Problem is, no one *ever* took interest in training Doug.

(Reply to this) (Parent) (Thread)


[info]icon_uk
2009-05-03 10:47 am UTC (link)
Oh, I don't know, Kitty's power was a lot more than standing still, and Logan understaood that selective intangibility could an astonishingly useful boost to hand to hand combat, since it always gave her the element of surprise when attacking and as a defence, not being physically solid is a tough one to beat! :)

And in Doug's case I'd say it was likely that he didn't train particularly hard in combat skills because it wasn't an area he was madly keen on being experienced in. His powers (until the body language bit was first mentioned, less than six months before his death) didn't lend themselves to combat the way that, say, Dani's did, so perhaps it was as well that Doug didn't get TOO confident in his fighting skills.

(Reply to this) (Parent)

I'm curious.
[info]nefrekeptah
2009-05-05 03:17 am UTC (link)
When and where does the Seanbaby quote come from? Because I've looked on his webpage, and can't find it.

(Reply to this) (Parent) (Thread)

Re: I'm curious.
[info]kitty_tc_69
2009-05-05 01:30 pm UTC (link)
It's from the Superfriends page, in reference to Gorilla Grodd (hence the paraphrasing). The full quote is as follows:

"I don't understand how Grodd ever tried to take us over with his power of talking. You can talk all you want to the army. They still have guns, and they still work on monkeys. If your face isn't bulletproof, that means it's going to explode when the National Guard shoots it no matter what you say to the bullet."

It seemed an appropriate turn of phrase. :)

(Reply to this) (Parent)


[info]mrasaki.livejournal.com
2009-05-03 03:43 am UTC (link)
...Didn't Doug Ramsey kinda sorta come back later in Phalanx Covenant? Of course, he wasn't particularly long-lived even then.

(Reply to this) (Thread)


[info]proteus_lives
2009-05-03 04:07 am UTC (link)
That was Douglock. Basically Warlock using bits and pieces of Doug's appearance. He had all of Doug's memories but soon reverted back to his core personality.

(Reply to this) (Parent)


[info]icon_uk
2009-05-03 04:46 am UTC (link)
Not sure what you mean by "long-lived" there, Douglock II (to distinguish him from the Douglock who was a reversible fusion of Doug and Warlock back in their New Mutant days) appeared for the first time in the Phalanx Covenant, and then went on to be a member of Excalibur for several years, and then as Warlock had his own (admittedly short lived) spinoff series as part of the M-Tech line.

(Reply to this) (Parent)


[info]icon_uk
2009-05-03 04:59 am UTC (link)
Doug was, and remains, my favourite superhero* but Doug epitomised the hero part of Super-hero to me).

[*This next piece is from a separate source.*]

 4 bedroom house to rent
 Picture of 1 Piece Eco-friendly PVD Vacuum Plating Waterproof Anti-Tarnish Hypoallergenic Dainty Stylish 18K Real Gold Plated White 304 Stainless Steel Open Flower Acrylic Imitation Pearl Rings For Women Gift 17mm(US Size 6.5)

I even went so far as to post the first couple in a series of "Why Doug Ramsey was Awesome" posts on the old S_D, which I might resurrect to prove my point! :)

In short though, I've said it before and I'll say it again; He was a hero not BECAUSE of his powers, but in SPITE of his powers.

* I may lust after other superheros more, but Doug was the one I'd want to wait until he was old enough, then ask out on a date, or just knock back a few soft drinks with.

(Reply to this)


[info]brandiweed.livejournal.com
2009-05-03 06:44 am UTC (link)
I'll concede that Bret Blevins' art looks better in the wake of what was to come in the 90s but I still *hate* those stupid pouty lips he gives all the girls.

(Reply to this)


[info]meatwhichdreams
2009-05-03 11:21 pm UTC (link)
...I rather like the art. It has a lot of scratchy personality, and lips not-withstanding all the characters look like proper teenagers and I can tell them all apart! I think the body distortions aren't too distracting as they go along with the general theme of Goddammit-Going-Through-Mutant-Puberty-Is-Seriously-Messed-Up-And-Confusing-and-WOW-Lookit-That-Weird-Thing-Over-There!

It's all very DARE I SAY scrappy. And scrappy ain't so bad.

(Reply to this)

You know what this makes me want?
[info]nefrekeptah
2009-05-04 03:21 am UTC (link)
It makes me want a Runaways/ New Mutants crossover.

Or better yet, the Runners go back in time and meet the New Mutants back when they were still kids.